Second, we increasingly rely on robotized algorithms to filter and categorize information. Someone managing these data flows, as proven by a recent controversial Facebook experiment, may influence people’s emotional environment and their decision making tendencies.

Even if we suggest that in the aforementioned example the AI is governing a city or a country indirectly and performing solely counselling functions, the AI is still capable of advising a solution which would turn out to be unethical in the long run. The consequences of the decision, in this respect, are known to the AI but not to living people.

In a private life this influence might emerge really fast and be even more impactful. During the recent Google I/O conference the new Now on Tap system was presented. It watches over all apps on the user’s smartphone, exfiltrates contextual data and lets it be used for the online search.

For instance, if you read an article on some musician in the Wikipedia app and ask Google “When is his concert?”, the robot would immediately know who exactly is referred to as ‘him’. A helpful robot already reminds us it is time to go to the airport, as the flight is scheduled in a couple of hours, proving to be a resourceful and savvy personal assistant.
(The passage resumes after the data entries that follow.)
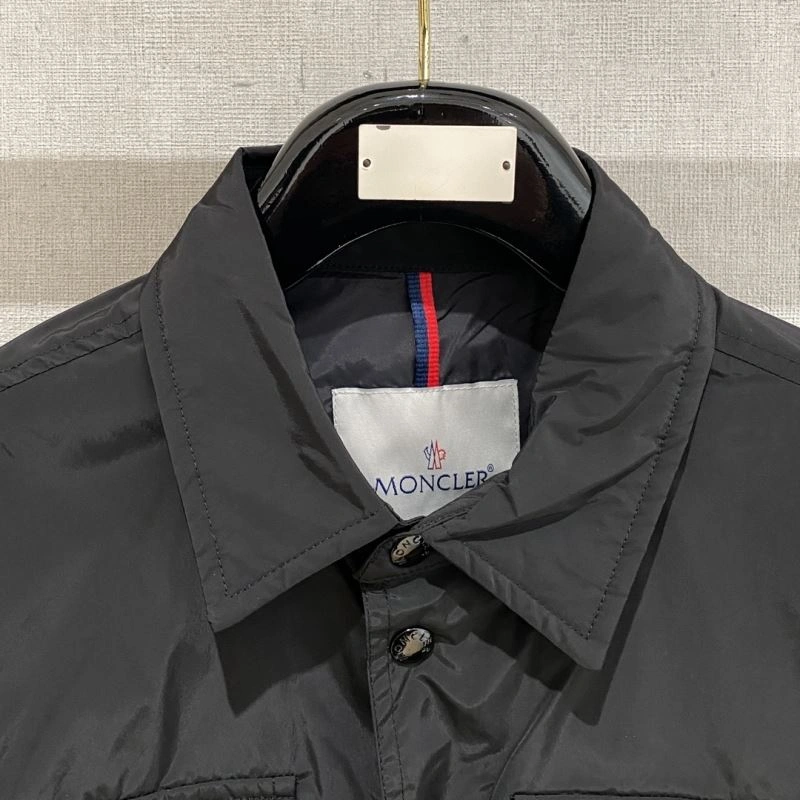 Moncler Outwear TimelessDesign 140677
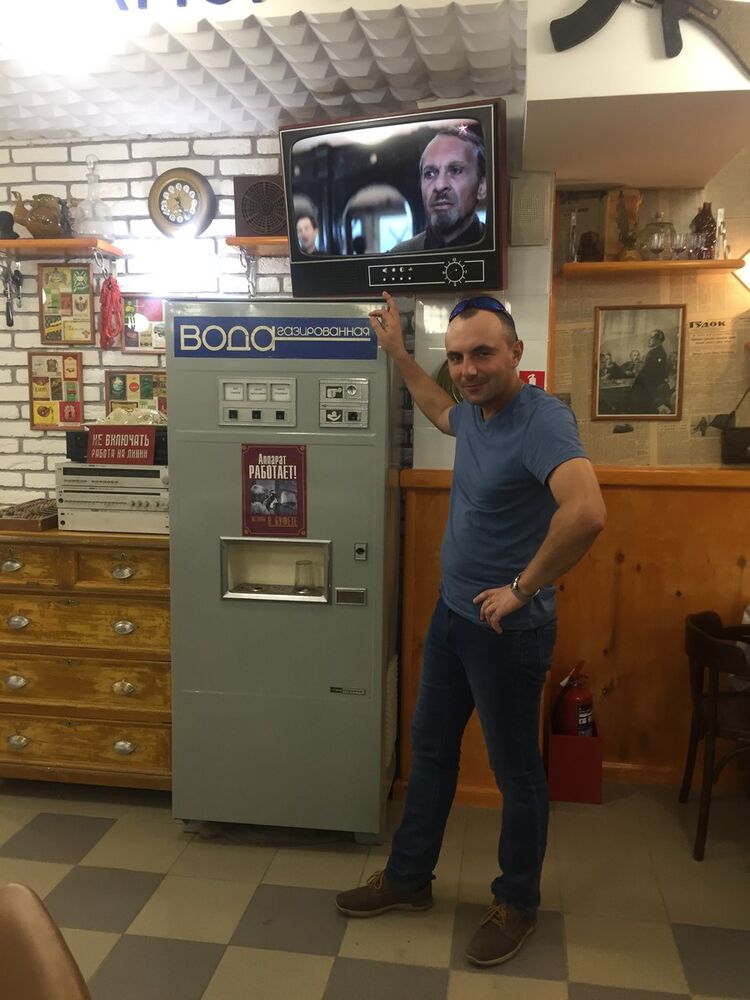  13960220  Alexandr, 42 ,    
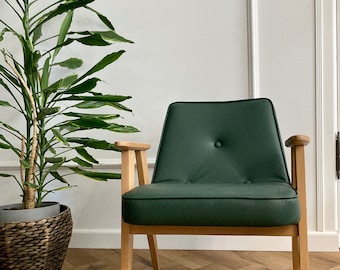 Original 366 Stuhl aus den 1960er Jahren mit echtem italienischem grünem Leder bezogen. Entwurf J. Chierowski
Of course, it is not the full-fledged AI who takes care of these assistance tasks – it is merely a self-learning expert system designed to perform a narrow selection of tasks. Its behavior is fully pre-defined by people and thus predictable.

However, the computing evolution might make this simple robot a lot more sophisticated. It is critical to ensure it manipulates the available information solely for the user’s good and does not follow its own hidden agenda.

That’s the problem which occupies a lot of bright minds of our time, from Stephen Hawking to Elon Musk. The latter can barely be considered a conservative thinker afraid of, or opposed to, progress. Quite the contrary, the inventor of Tesla and SpaceX is eagerly looking into the future. However, he sees the evolution of AI one of the most controversial trends with consequences still unforeseeable and potentially catastrophic. That is why earlier this year he invested $10 million into AI research.

With that said, what awaits us in the future?

As strange as it seems, one of the most feasible scenarios, which experts consider too optimistic, is the ultimate impossibility of creating a full-fledged AI. Without a significant technology breakthrough (which is yet nowhere to be seen), robots will just continue updating and improving their existing set of skills.

While they are learning simple things like driving a car or speaking native languages, they are not able to substitute a human in making autonomous decisions. In the short-term perspective, the AI is likely to create some ‘collateral damage’ such as eliminating taxi drivers as an occupation, but won’t be considered a global threat to humanity.

Andrey Lavrentiev suggests that the conflict between the AI and the humanity is possible under only one condition: the need to share the same resources.

“A human has a body and is interested in creating favorable conditions for its convenience (and the convenience of the mind as well). With the AI, the situation is quite the opposite: it initially exists only in the digital world”.

“The AI’s key objective and motivation is to fully process the information supplied through the external channels, or its ‘sensory organs’, assess it, identify the principles of its change”.

“Of course, the AI also relies on some material foundations, but its dependence on the ‘shell’ is much weaker that in case of the human. The AI, contrary to the human, won’t be so concentrated on preserving its ‘shell’ (or ‘body’), as AI would be, in fact, ‘everywhere’. The organic extension of AI’s outreach in search of new information would be space exploration and studying of the Universe’s laws, so it can disseminate itself beyond Earth”.

“However, even in this scenario, there are certain pitfalls. Once this superintelligence sees the humanity or the universe as imperfections in its digital model, it will try to eliminate either of them in order to reach harmony. Or, possibly, it will need the resources consumed by humans in order to ‘explore the space’, making the old ‘AI vs. humanity’ conflict relevant again”.